The result should be a verbatim copy of the whole listing.

→ Dataset entries:
--

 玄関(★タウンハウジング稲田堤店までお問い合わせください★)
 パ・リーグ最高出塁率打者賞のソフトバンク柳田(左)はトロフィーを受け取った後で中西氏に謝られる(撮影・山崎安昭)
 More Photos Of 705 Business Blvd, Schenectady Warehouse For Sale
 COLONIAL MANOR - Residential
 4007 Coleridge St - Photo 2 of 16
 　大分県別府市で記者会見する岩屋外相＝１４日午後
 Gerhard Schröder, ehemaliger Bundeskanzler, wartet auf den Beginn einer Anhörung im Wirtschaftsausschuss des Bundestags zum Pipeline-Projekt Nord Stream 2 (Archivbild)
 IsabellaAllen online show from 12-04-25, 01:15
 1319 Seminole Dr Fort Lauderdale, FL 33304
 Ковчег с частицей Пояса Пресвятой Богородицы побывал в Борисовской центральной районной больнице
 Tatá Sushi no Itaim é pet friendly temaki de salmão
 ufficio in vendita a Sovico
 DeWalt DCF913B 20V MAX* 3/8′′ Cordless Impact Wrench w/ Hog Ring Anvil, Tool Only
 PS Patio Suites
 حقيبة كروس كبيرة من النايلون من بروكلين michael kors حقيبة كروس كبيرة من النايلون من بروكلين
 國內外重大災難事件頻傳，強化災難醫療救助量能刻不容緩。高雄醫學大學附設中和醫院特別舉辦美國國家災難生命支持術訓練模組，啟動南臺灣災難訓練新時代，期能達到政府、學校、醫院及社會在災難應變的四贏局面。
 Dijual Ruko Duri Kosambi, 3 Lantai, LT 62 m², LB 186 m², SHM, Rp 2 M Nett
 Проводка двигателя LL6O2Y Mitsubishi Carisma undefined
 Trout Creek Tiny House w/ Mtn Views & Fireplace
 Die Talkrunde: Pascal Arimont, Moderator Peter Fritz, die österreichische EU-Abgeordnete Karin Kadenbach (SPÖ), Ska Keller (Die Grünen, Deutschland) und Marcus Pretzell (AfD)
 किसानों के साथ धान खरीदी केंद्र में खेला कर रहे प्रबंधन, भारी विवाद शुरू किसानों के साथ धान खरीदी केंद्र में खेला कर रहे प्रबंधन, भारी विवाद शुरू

--

→ Exercise solution:
 玄関(★タウンハウジング稲田堤店までお問い合わせください★)
 パ・リーグ最高出塁率打者賞のソフトバンク柳田(左)はトロフィーを受け取った後で中西氏に謝られる(撮影・山崎安昭)
 More Photos Of 705 Business Blvd, Schenectady Warehouse For Sale
 COLONIAL MANOR - Residential
 4007 Coleridge St - Photo 2 of 16
 　大分県別府市で記者会見する岩屋外相＝１４日午後
 Gerhard Schröder, ehemaliger Bundeskanzler, wartet auf den Beginn einer Anhörung im Wirtschaftsausschuss des Bundestags zum Pipeline-Projekt Nord Stream 2 (Archivbild)
 IsabellaAllen online show from 12-04-25, 01:15
 1319 Seminole Dr Fort Lauderdale, FL 33304
 Ковчег с частицей Пояса Пресвятой Богородицы побывал в Борисовской центральной районной больнице
 Tatá Sushi no Itaim é pet friendly temaki de salmão
 ufficio in vendita a Sovico
 DeWalt DCF913B 20V MAX* 3/8′′ Cordless Impact Wrench w/ Hog Ring Anvil, Tool Only
 PS Patio Suites
 حقيبة كروس كبيرة من النايلون من بروكلين michael kors حقيبة كروس كبيرة من النايلون من بروكلين
 國內外重大災難事件頻傳，強化災難醫療救助量能刻不容緩。高雄醫學大學附設中和醫院特別舉辦美國國家災難生命支持術訓練模組，啟動南臺灣災難訓練新時代，期能達到政府、學校、醫院及社會在災難應變的四贏局面。
 Dijual Ruko Duri Kosambi, 3 Lantai, LT 62 m², LB 186 m², SHM, Rp 2 M Nett
 Проводка двигателя LL6O2Y Mitsubishi Carisma undefined
 Trout Creek Tiny House w/ Mtn Views & Fireplace
 Die Talkrunde: Pascal Arimont, Moderator Peter Fritz, die österreichische EU-Abgeordnete Karin Kadenbach (SPÖ), Ska Keller (Die Grünen, Deutschland) und Marcus Pretzell (AfD)
 किसानों के साथ धान खरीदी केंद्र में खेला कर रहे प्रबंधन, भारी विवाद शुरू किसानों के साथ धान खरीदी केंद्र में खेला कर रहे प्रबंधन, भारी विवाद शुरू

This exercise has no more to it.